An appeals court this week denied American Express' motion to wait until the end of its appeal before amending merchant provisions deemed unlawful. Instead, a previously issued court order to alter those agreements will go into effect next month, freeing merchants to steer customers from Amex to preferred forms of payment.
"We are disappointed the request for a stay was denied," Amex wrote in a statement to The Beat. "We will move forward to modify the Non-Discrimination Provisions in our merchant contracts, per the trial court's remedy. We expect that the trial court's order will become effective on July 20."
It's a moment Southwest Airlines has been waiting for. The airline, which prides itself on low costs, is among dozens of merchants that has backed the yet-to-be launched mobile payment platform and would-be Apple Pay competitor, CurrentC.
Additionally, once free of Amex's merchant agreements, Southwest "can offer Rapid Rewards frequent flier points to encourage customers to use lower cost forms of payment," according a filing this month that urged the appeals court to lift Amex's stay.
Southwest in a filing talked up its participation in the Merchant Customer Exchange, or MCX, a collective of merchants established in 2012 to develop a mobile wallet solution.
The now-live Apple Pay has generated plenty of buzz, even intriguing some in the corporate travel space, but CurrentC continues to operate in invite-only beta mode and its corporate travel implications are less clear. The company has targeted 2015 for a national rollout but did not immediately reply on its status.
"CurrentC competes with other mobile payment systems like Apple Pay that are supported by Amex and the other major credit card networks (and that have not committed to lowering costs or allowing merchant steering)," noted the court filing by Southwest, which declined an interview to discuss its plans to promote CurrentC or other steering plans.
While Southwest is the only airline participant in MCX, dozens of major merchants have backed the CurrentC mobile wallet, including 7-Eleven, CVS, Dunkin' Donuts, ExxonMobil, Gap, Rite Aid, Sunoco, Target, Wal-Mart and Wendy's. The app is compatible with Apple and Google mobile devices.
Still, the payment option appears angled at a consumer, not a corporate audience. The "variety of financial accounts" to which CurrentC links include "personal checking accounts, merchant gift cards and select merchant branded credit and debit accounts" but not corporate travel and expense cards. Even so, on its website, the company indicated "plans to add additional forms of payment, including credit cards."

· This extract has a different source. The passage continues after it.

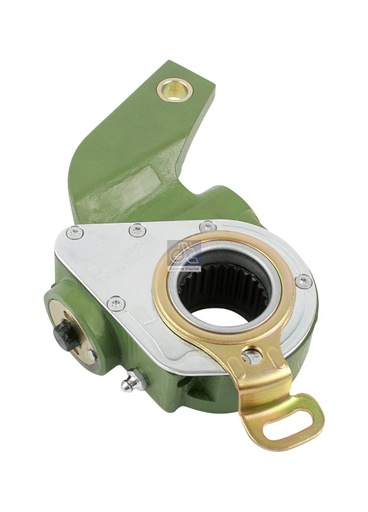 [DTS 3.62415] Levier régleur MAN - DT SPARE PARTS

CurrentC bills itself as a merchant-friendly alternative to mobile wallet offerings from Apple or Google. Its noncredit payment options provide cheaper transactions, the QR code-scanning technology "works with most existing point-of-sale and payment terminals" and the app links closely with merchant programs, integrating "coupons, loyalty and payment into one seamless transaction," according to the firm.

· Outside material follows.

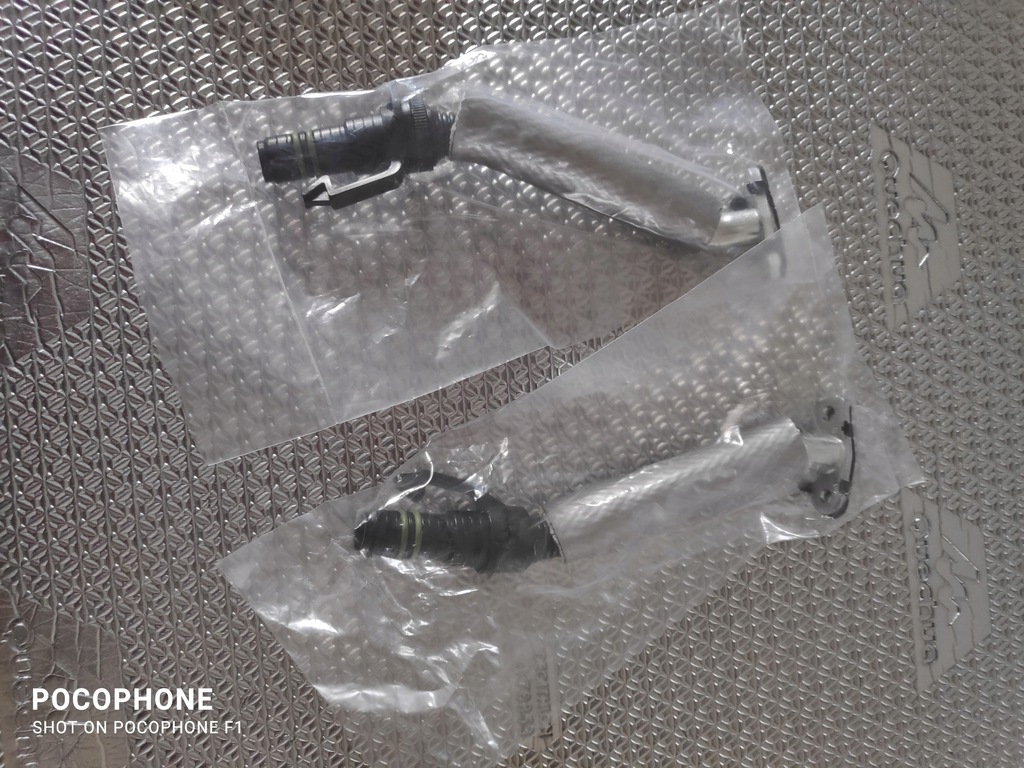 фото №1, Шланг труба турбины масла opel astra j 1.4 a14net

Yet, even ahead of its official launch, the tech press has pounced on CurrentC, seizing on a data breach last year; poor app store ratings, presumably from beta users; PayPal's acquisition of its underlying mobile wallet technology; the recent resignation of its CEO; and some founding MCX merchants that have embraced Apple Pay. On its website, CurrentC promises more functionality, but some reviewers and tech writers have said its checkout process, which requires the user to enter a pin and other key strokes, takes longer than an Apple Pay tap-and-go transaction.